Mais ce qui renforce le texte c’est bien sa dimension sonore. On sent, dès que l’on écoute le CD, que le texte, formel sur la page, a été écrit selon une forme de présentation sonore (texte partition). Cette dimension est tout d’abord tenue par une réelle présence de la voix, qui sans jamais jouée le texte, pourtant sait varier dans les tonalités et les rythmes de diction. Si Christophe Fiat peut exprimer, entre parenthèse dans son dernier livre, que l’on reconnaît une lecture de poésie en France "à ces larsens, coupures de son, câbles mal plugués, sans parler des poètes qui toussent dans le micro", ici rien de tel, le son électro-rock, plutôt classique (c’est peut-être là que pour ma part j’aurai attendu davantage de risque), porte très bien les jeux de la voix, le travail de sample sur certaines partitions est fait avec précision. Entre deux perspectives sonores, Nicolas Richard pose son monde : d’un côté il y a ce qui se voit le plus couramment au niveau des lectures de poésie, une lecture liée à un univers sonore (très très en vogue et cela de la lecture liée à de la musique classique, jusqu’à des lectures qui se mêlent à des expériences de musique improvisée aussi bien électroniquement qu’avec des instruments, disons-le cela donne le meilleur comme le pire), et de l’autre il y a un travail davantage issu de celui du montage de bande, de la supperposition, de la décomposition de l’univers textuel selon des pistes et des répartitions dans l’espace (tradition liée aux avancées de Heidsieck). Si je n’ai pas encore vu en lecture Nicolas Richard, je l’avoue, c’est avec impatience que j’attends maintenant de le voir in situ.

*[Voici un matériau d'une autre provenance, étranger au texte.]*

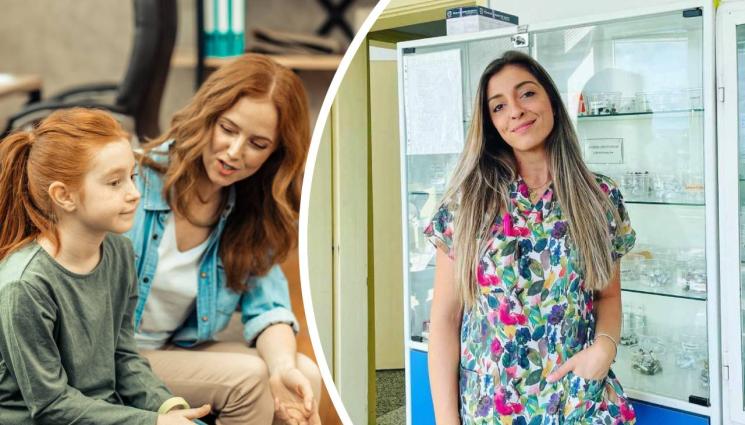 Весела Александрова - Педиатърът д-р Весела Александрова пред „ЗДРАВЕ с Телеграф“: Деца изпадат в нервни кризи за парче торта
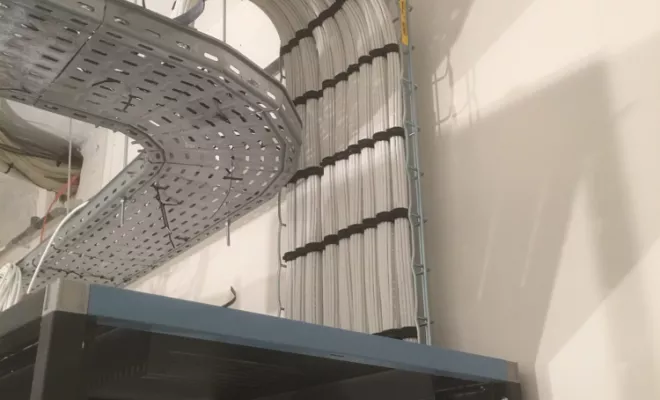 Mise en place de réseaux RJ45, Saint-Étienne, GS NETWORK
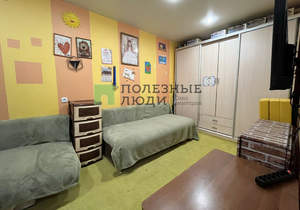 3-к квартира, вторичка, 57м2, 4/5 этаж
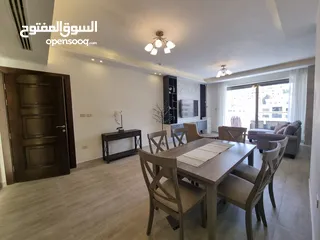  1 شقة مفروشة للايجار في عبدون  ( Property 38868 ) سنوي فقط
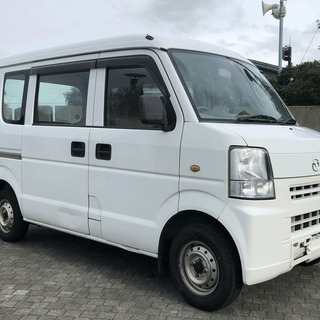 ♪車検つけます♪【OEM車】【双子車】スクラムバン H22年 【...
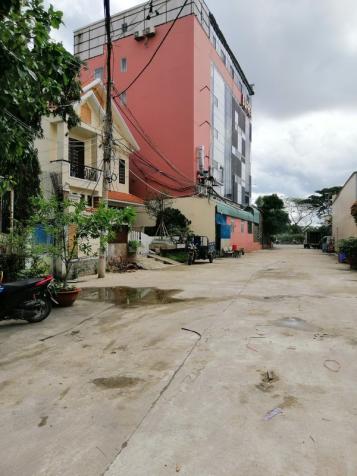 Bán nhà 1 lầu mặt tiền đường 12m hẻm 214 Nguyễn Văn Linh, quận 7 12287083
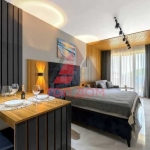 Дава се под наем Едностаен апартамент в с. Шкорпиловци, Област Варна - 45 кв.м за 198.9 € - Снимка #1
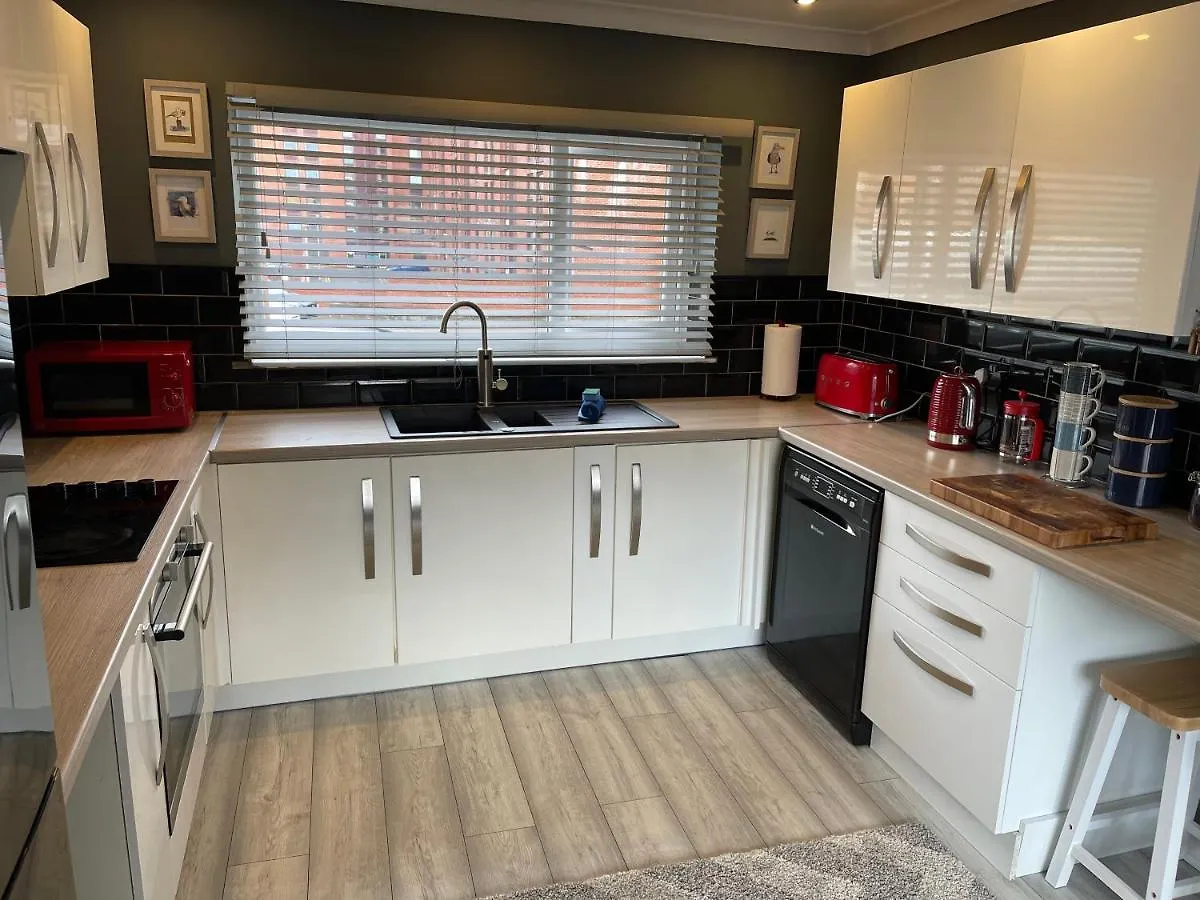 Seagull'S View Apartment Lytham St Annes United Kingdom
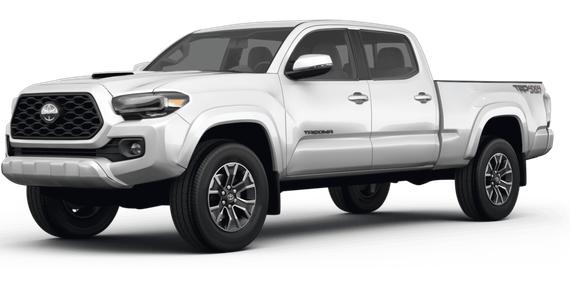 TOYOTA TACOMA 2023 3TMCZ5ANXPM555409 image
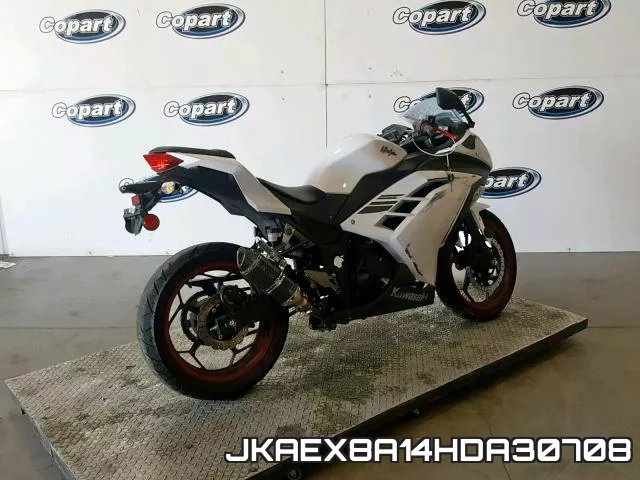 JKAEX8A14HDA30708 фото 5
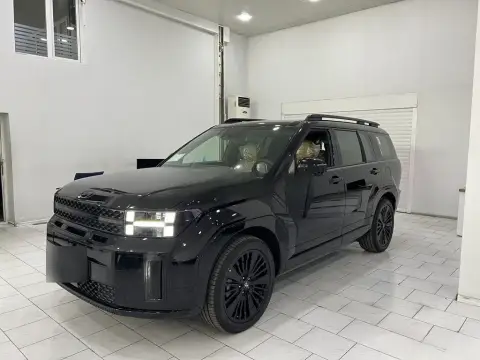Hyundai Santa Fe 2025 — миниатюра 4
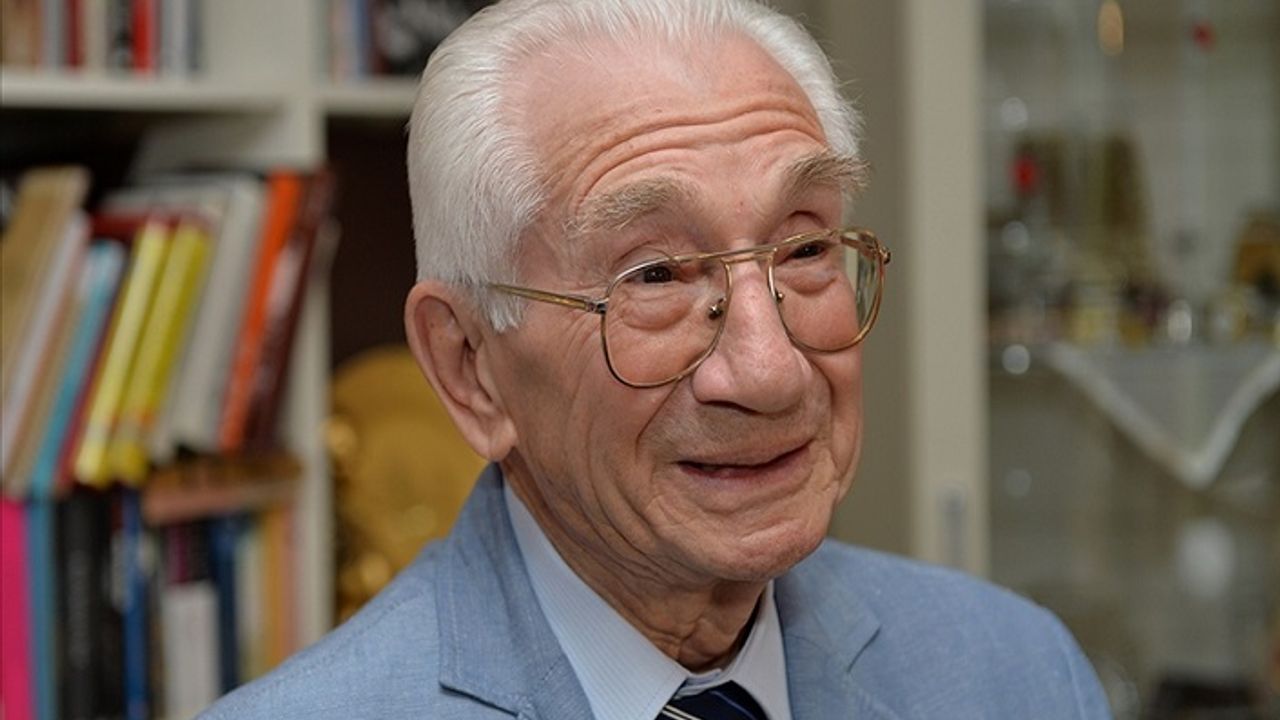 Türk müziğine 647 beste kazandıran sanatçı: Alaeddin Yavaşca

In fine, je ne peux que recommander de découvrir ce jeune poète contemporain, aussi bien par ce livre que lors d’une lecture. /PB/
Des nouvelles par téléphone de Nicolas RICHARD, que je ne connaissais absolument pas : le poète tient à préciser que la musique a été composée par David Clastrier et Yann Lacan.
Quant à son devenir : « Je travaille en ce moment en tant qu’auteur et interprète sur un projet théâtral intitulé FLÛTE !!! Avec un auteur-metteur en scène de Bordeaux, on s’intéresse à la question du comique et du sordide. Quelque chose devrait voir le jour en 2009 ».